GIVEN DATA ::
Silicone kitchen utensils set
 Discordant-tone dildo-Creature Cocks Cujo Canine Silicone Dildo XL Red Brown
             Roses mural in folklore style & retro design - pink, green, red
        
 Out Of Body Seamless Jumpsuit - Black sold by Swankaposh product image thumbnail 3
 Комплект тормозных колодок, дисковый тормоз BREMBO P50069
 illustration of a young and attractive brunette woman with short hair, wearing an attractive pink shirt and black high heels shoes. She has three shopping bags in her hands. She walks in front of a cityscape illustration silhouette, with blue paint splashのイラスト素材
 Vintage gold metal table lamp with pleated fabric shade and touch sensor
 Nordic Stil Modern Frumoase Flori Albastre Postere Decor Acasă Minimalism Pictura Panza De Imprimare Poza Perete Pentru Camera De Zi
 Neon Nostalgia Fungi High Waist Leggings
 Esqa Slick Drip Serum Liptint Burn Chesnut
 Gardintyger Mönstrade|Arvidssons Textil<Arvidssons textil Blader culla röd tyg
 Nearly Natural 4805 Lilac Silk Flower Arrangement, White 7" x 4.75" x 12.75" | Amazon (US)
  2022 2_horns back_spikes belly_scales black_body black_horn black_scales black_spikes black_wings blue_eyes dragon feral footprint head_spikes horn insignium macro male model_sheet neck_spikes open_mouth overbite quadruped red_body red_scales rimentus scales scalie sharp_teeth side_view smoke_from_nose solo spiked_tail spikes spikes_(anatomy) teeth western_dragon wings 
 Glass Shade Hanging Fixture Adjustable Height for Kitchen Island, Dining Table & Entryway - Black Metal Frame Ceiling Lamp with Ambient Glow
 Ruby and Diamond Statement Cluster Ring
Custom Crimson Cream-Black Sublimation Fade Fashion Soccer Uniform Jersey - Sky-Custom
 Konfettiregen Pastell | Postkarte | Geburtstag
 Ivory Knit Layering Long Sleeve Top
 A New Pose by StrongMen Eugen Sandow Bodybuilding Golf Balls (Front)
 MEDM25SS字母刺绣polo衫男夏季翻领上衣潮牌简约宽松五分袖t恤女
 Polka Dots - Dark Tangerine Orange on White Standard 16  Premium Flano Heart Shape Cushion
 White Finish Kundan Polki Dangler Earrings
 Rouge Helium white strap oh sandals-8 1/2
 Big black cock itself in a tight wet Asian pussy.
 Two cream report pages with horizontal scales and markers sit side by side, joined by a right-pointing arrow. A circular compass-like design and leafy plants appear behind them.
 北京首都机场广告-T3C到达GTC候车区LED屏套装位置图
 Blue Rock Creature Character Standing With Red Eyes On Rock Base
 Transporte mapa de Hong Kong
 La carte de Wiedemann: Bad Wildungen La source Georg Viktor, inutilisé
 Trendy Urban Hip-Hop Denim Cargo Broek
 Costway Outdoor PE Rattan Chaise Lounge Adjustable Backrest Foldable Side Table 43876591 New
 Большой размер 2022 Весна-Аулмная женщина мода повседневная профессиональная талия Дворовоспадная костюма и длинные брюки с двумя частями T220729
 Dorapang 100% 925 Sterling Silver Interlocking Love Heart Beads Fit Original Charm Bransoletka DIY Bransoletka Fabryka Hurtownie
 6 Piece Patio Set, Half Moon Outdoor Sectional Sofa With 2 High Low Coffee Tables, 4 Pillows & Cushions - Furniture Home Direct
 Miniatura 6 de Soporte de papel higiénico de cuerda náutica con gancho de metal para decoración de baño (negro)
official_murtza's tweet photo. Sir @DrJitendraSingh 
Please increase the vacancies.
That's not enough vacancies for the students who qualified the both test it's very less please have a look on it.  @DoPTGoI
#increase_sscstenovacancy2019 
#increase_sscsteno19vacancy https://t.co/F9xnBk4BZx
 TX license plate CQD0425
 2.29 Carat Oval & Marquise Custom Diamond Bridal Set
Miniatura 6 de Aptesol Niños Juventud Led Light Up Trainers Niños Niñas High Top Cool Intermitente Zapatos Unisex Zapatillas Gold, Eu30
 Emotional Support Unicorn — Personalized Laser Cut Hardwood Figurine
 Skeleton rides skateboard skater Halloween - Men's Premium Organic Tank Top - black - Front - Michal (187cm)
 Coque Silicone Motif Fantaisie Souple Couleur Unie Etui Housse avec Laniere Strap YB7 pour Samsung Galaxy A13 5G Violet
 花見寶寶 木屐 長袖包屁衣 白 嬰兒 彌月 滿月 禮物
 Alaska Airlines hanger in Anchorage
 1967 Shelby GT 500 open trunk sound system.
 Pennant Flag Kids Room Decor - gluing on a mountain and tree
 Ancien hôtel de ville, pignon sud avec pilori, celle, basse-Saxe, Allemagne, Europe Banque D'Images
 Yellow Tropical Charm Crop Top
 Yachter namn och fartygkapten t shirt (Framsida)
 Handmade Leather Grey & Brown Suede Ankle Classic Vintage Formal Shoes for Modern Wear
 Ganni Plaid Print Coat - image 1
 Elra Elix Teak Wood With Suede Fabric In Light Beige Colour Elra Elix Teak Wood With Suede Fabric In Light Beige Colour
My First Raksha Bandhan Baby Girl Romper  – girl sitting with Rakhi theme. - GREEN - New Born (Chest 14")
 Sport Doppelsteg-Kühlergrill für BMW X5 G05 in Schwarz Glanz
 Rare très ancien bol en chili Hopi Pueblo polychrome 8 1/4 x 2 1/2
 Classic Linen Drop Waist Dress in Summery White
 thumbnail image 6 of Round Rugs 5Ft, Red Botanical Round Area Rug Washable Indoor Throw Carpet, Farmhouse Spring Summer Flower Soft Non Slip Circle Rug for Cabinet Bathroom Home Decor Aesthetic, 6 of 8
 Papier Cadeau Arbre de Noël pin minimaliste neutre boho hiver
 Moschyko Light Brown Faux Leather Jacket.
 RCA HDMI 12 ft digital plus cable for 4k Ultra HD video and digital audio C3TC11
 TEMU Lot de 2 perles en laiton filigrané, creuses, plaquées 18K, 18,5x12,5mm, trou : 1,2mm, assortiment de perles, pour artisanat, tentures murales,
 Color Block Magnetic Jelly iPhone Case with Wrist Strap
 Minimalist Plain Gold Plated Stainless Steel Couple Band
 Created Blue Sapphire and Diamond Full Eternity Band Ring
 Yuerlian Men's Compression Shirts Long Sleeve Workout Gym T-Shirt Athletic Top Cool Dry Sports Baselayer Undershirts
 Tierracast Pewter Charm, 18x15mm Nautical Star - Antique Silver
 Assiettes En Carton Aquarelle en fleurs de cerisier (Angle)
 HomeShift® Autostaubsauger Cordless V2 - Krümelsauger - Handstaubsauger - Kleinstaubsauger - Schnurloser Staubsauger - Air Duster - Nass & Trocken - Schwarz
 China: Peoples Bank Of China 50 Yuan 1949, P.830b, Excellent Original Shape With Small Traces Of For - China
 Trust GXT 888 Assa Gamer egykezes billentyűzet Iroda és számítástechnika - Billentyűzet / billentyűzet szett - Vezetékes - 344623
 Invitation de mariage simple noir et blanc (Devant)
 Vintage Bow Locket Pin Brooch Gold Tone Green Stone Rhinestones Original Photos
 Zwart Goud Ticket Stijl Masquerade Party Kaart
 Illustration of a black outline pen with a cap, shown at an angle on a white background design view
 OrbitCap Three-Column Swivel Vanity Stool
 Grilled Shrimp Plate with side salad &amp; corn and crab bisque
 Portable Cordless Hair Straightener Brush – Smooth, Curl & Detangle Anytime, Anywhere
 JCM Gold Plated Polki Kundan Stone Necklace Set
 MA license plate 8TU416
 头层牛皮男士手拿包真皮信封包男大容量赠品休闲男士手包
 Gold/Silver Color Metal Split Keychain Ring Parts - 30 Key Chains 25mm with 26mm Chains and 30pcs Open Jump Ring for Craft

EXERCISE DIRECTIONS ::
Output the lines of the records above exactly as they appear, from the line containing "Большой размер 2022" through the line containing "花見寶寶 木屐 長袖包屁衣 白 嬰兒 彌月 滿月 禮物".

RESPONSE TO THE EXERCISE ::
 Большой размер 2022 Весна-Аулмная женщина мода повседневная профессиональная талия Дворовоспадная костюма и длинные брюки с двумя частями T220729
 Dorapang 100% 925 Sterling Silver Interlocking Love Heart Beads Fit Original Charm Bransoletka DIY Bransoletka Fabryka Hurtownie
 6 Piece Patio Set, Half Moon Outdoor Sectional Sofa With 2 High Low Coffee Tables, 4 Pillows & Cushions - Furniture Home Direct
 Miniatura 6 de Soporte de papel higiénico de cuerda náutica con gancho de metal para decoración de baño (negro)
official_murtza's tweet photo. Sir @DrJitendraSingh 
Please increase the vacancies.
That's not enough vacancies for the students who qualified the both test it's very less please have a look on it.  @DoPTGoI
#increase_sscstenovacancy2019 
#increase_sscsteno19vacancy https://t.co/F9xnBk4BZx
 TX license plate CQD0425
 2.29 Carat Oval & Marquise Custom Diamond Bridal Set
Miniatura 6 de Aptesol Niños Juventud Led Light Up Trainers Niños Niñas High Top Cool Intermitente Zapatos Unisex Zapatillas Gold, Eu30
 Emotional Support Unicorn — Personalized Laser Cut Hardwood Figurine
 Skeleton rides skateboard skater Halloween - Men's Premium Organic Tank Top - black - Front - Michal (187cm)
 Coque Silicone Motif Fantaisie Souple Couleur Unie Etui Housse avec Laniere Strap YB7 pour Samsung Galaxy A13 5G Violet
 花見寶寶 木屐 長袖包屁衣 白 嬰兒 彌月 滿月 禮物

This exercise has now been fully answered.